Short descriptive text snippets
'''

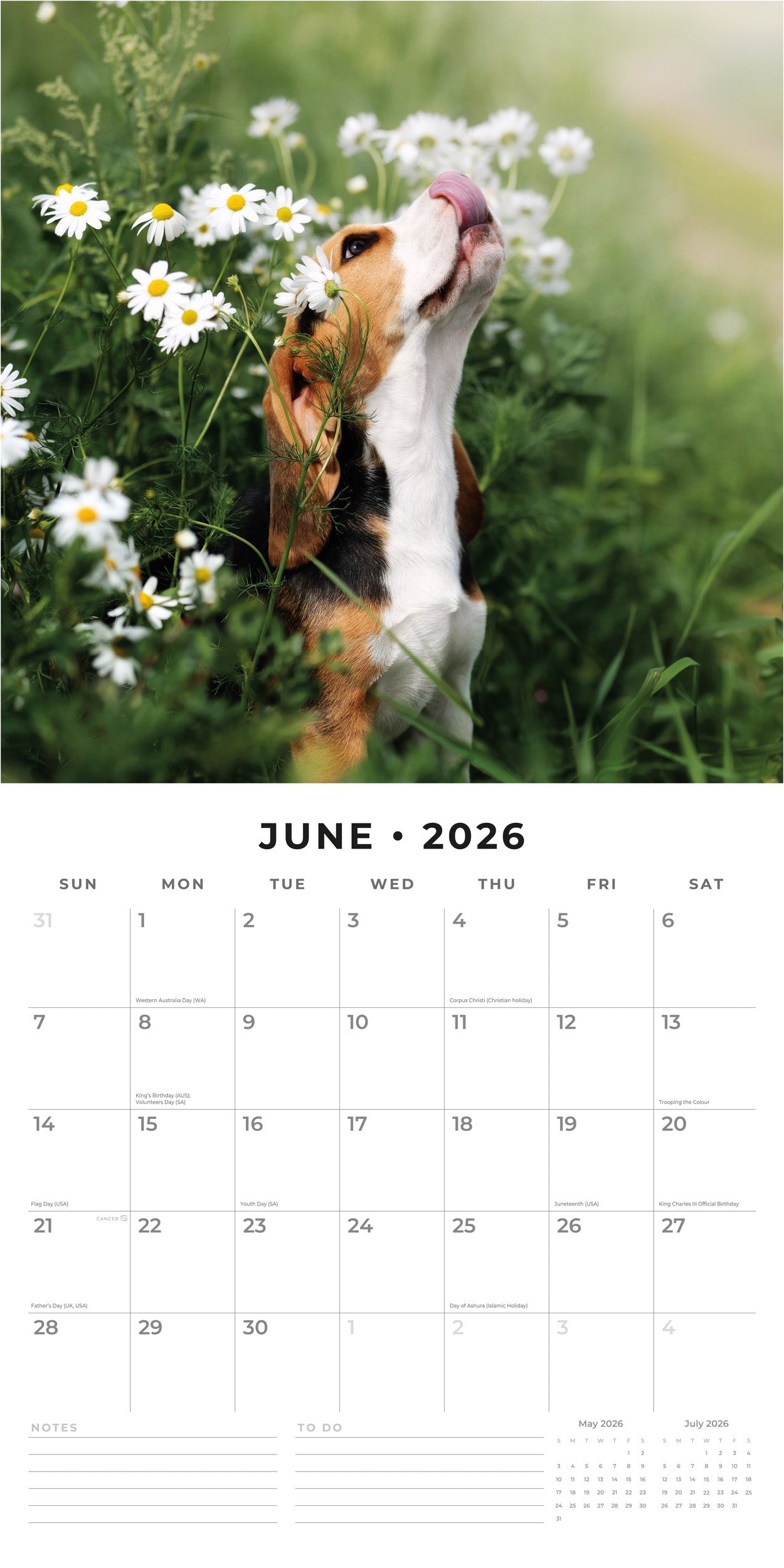 2026 Beagles - Square Wall Calendar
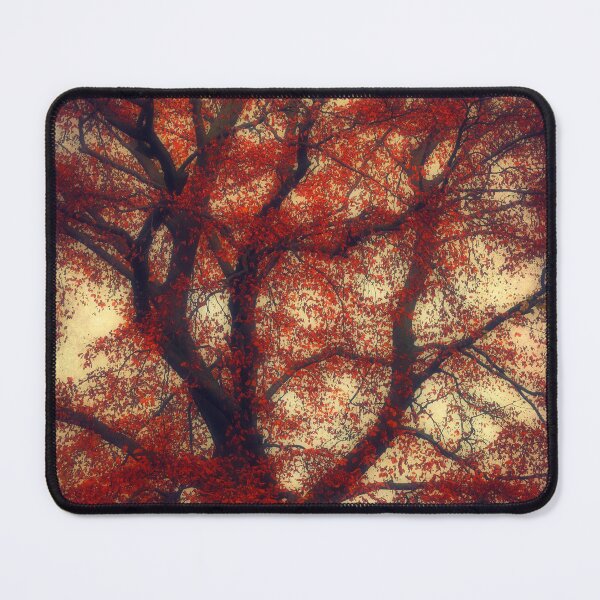 Item preview, Copper Beech Tree In Autumn Foliage designed and sold by Dyrk Wyst Redbubble Shop.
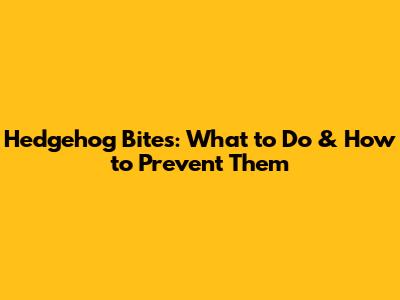 Hedgehog Bites: What to Do & How to Prevent Them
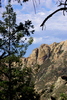 photo thumbnail #10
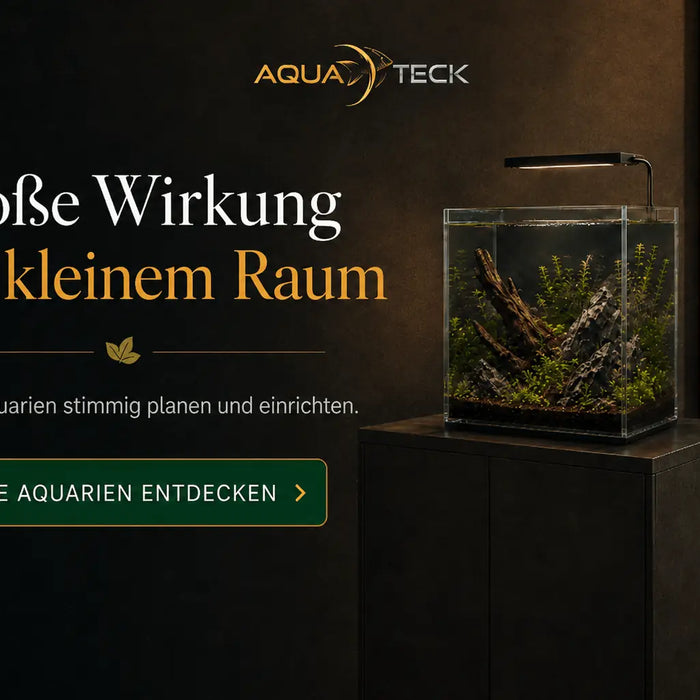 AQUA TECK Banner "Große Wirkung auf kleinem Raum" mit eingerichtetem Nano-Aquarium und LED-Beleuchtung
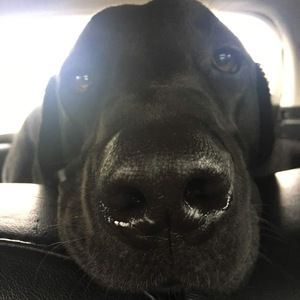 Meet your Posher, Bailey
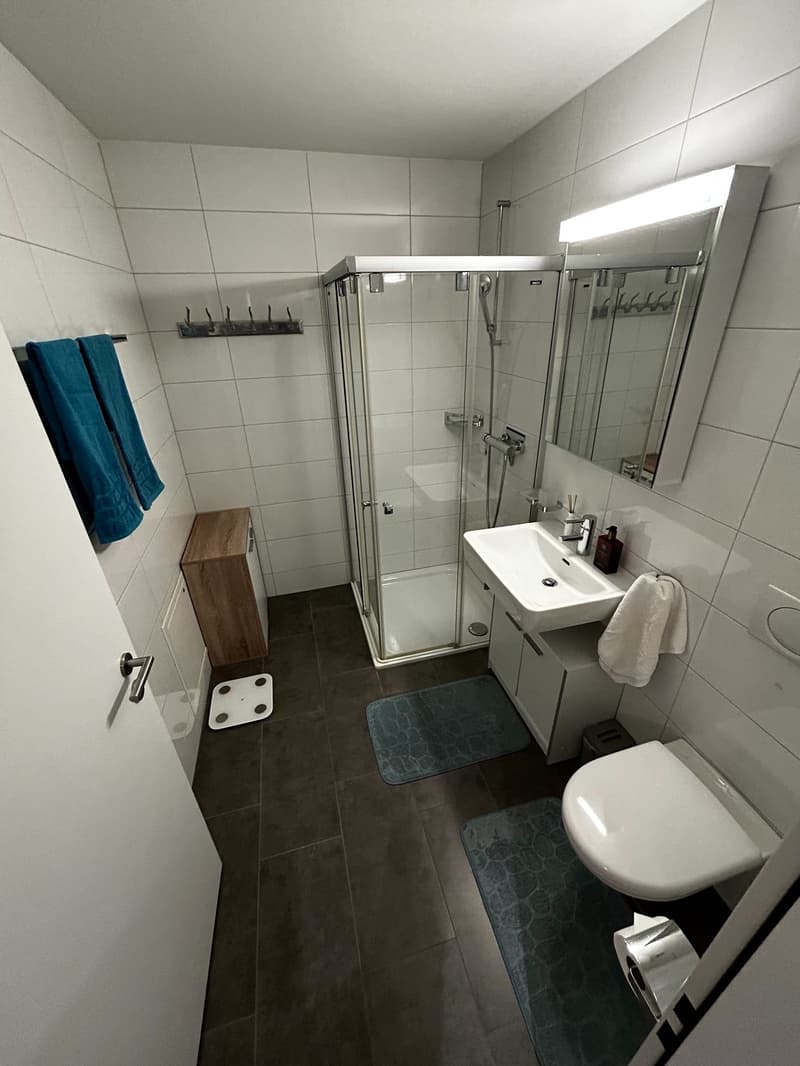 Helle 1.5-Zimmer-Wohnung im EG mit grosser Terrasse, eigener Waschküche, Keller und Garage (9)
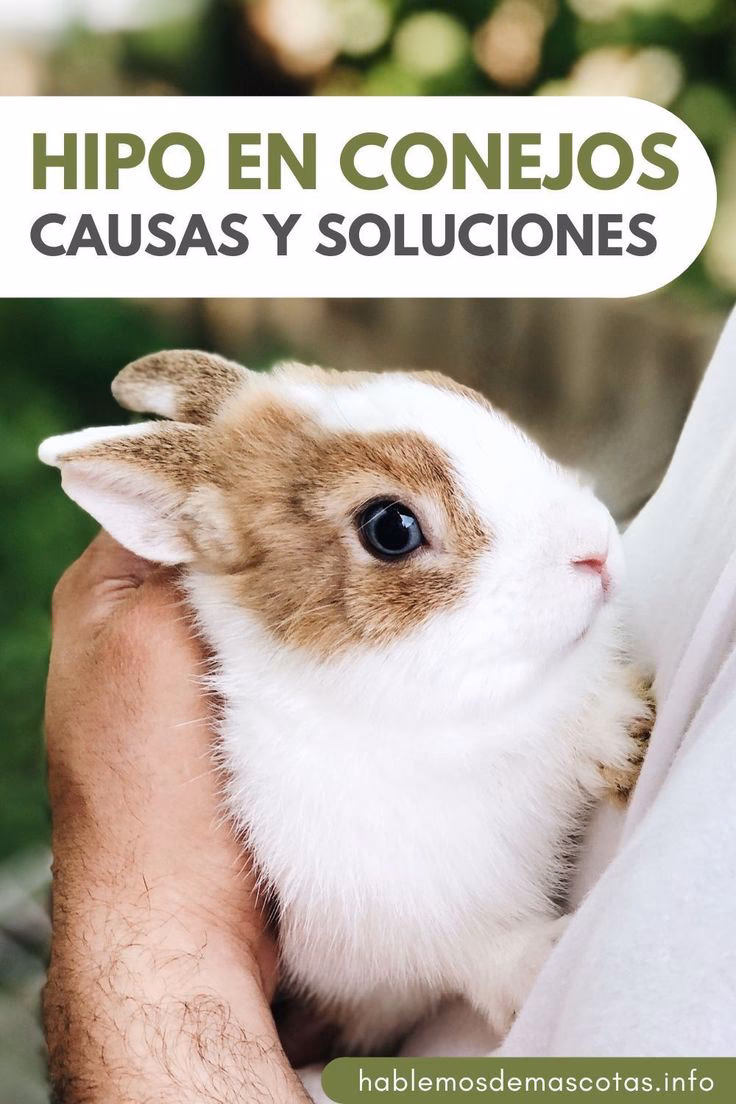 ¿Cuándo preocuparse por un conejo?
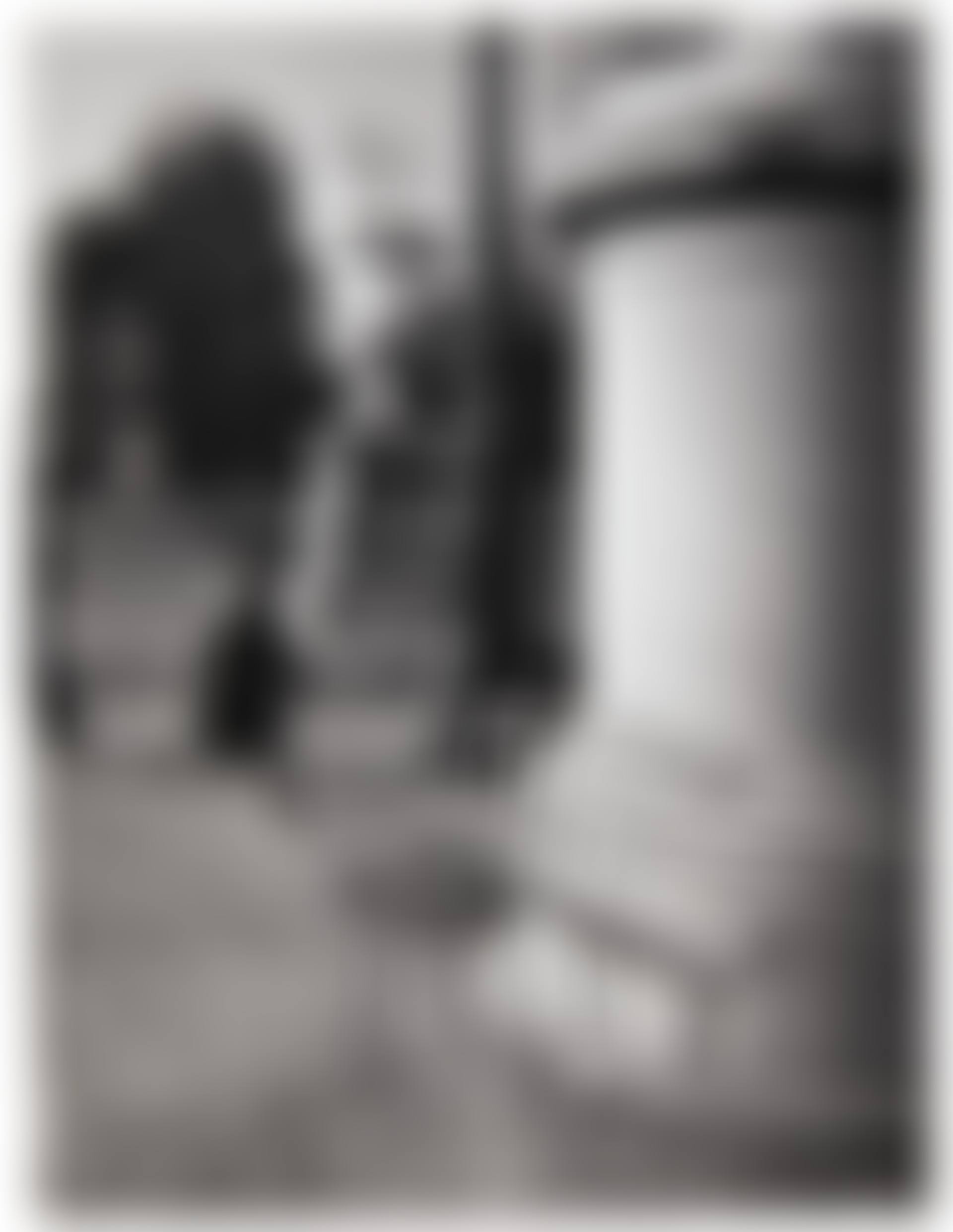 Tuileries, Paris (preview)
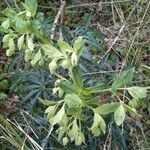 Helleborus foetidus Hábito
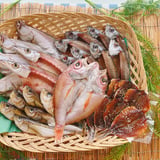 ㈲久ト商店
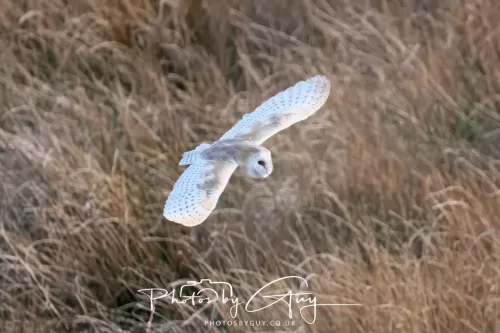 20 April 2025 : Seascale coastal area ,West Cumbria - Barn Owl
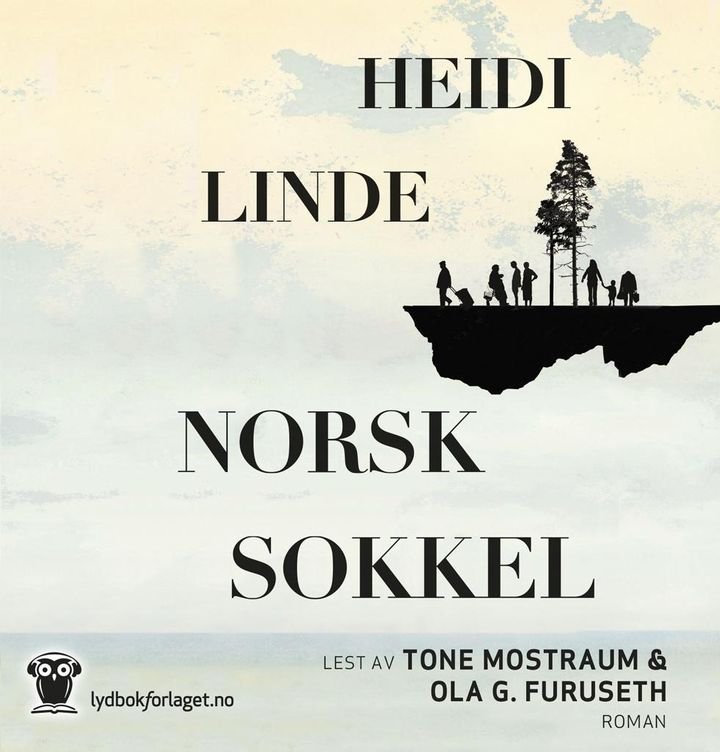 Norsk sokkel - roman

'''

> _WHAT TO PRODUCE_: An answer containing only the lines from the one holding "AQUA TECK Banner" through the close of the entries above, reproduced exactly and stripped of pictures, is expected.

> _ANSWER BOX_:
 AQUA TECK Banner "Große Wirkung auf kleinem Raum" mit eingerichtetem Nano-Aquarium und LED-Beleuchtung
 Meet your Posher, Bailey
 Helle 1.5-Zimmer-Wohnung im EG mit grosser Terrasse, eigener Waschküche, Keller und Garage (9)
 ¿Cuándo preocuparse por un conejo?
 Tuileries, Paris (preview)
 Helleborus foetidus Hábito
 ㈲久ト商店
 20 April 2025 : Seascale coastal area ,West Cumbria - Barn Owl
 Norsk sokkel - roman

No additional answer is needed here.